### [Your objective]
Lines from the one containing "Kia Venga 1.4 Cvvt Tech - foto 5" to the end of the data below are to be restated exactly, with both ends included and nothing else.
[Source data Boundary: Start]
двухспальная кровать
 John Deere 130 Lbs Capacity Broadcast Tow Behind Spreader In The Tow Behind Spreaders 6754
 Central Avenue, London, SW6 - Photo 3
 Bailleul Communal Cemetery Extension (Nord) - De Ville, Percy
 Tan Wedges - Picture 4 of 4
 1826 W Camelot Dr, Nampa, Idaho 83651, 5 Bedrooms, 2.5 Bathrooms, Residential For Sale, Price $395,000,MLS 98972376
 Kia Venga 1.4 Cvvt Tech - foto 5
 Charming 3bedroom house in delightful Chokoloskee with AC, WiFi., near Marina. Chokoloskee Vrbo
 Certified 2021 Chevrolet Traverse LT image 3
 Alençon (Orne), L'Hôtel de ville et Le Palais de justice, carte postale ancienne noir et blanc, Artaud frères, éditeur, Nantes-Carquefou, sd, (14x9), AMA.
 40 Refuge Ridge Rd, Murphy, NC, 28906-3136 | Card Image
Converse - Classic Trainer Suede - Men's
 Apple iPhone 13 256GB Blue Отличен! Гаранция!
[Source data Boundary: End]
### [Task solution]
 Kia Venga 1.4 Cvvt Tech - foto 5
 Charming 3bedroom house in delightful Chokoloskee with AC, WiFi., near Marina. Chokoloskee Vrbo
 Certified 2021 Chevrolet Traverse LT image 3
 Alençon (Orne), L'Hôtel de ville et Le Palais de justice, carte postale ancienne noir et blanc, Artaud frères, éditeur, Nantes-Carquefou, sd, (14x9), AMA.
 40 Refuge Ridge Rd, Murphy, NC, 28906-3136 | Card Image
Converse - Classic Trainer Suede - Men's
 Apple iPhone 13 256GB Blue Отличен! Гаранция!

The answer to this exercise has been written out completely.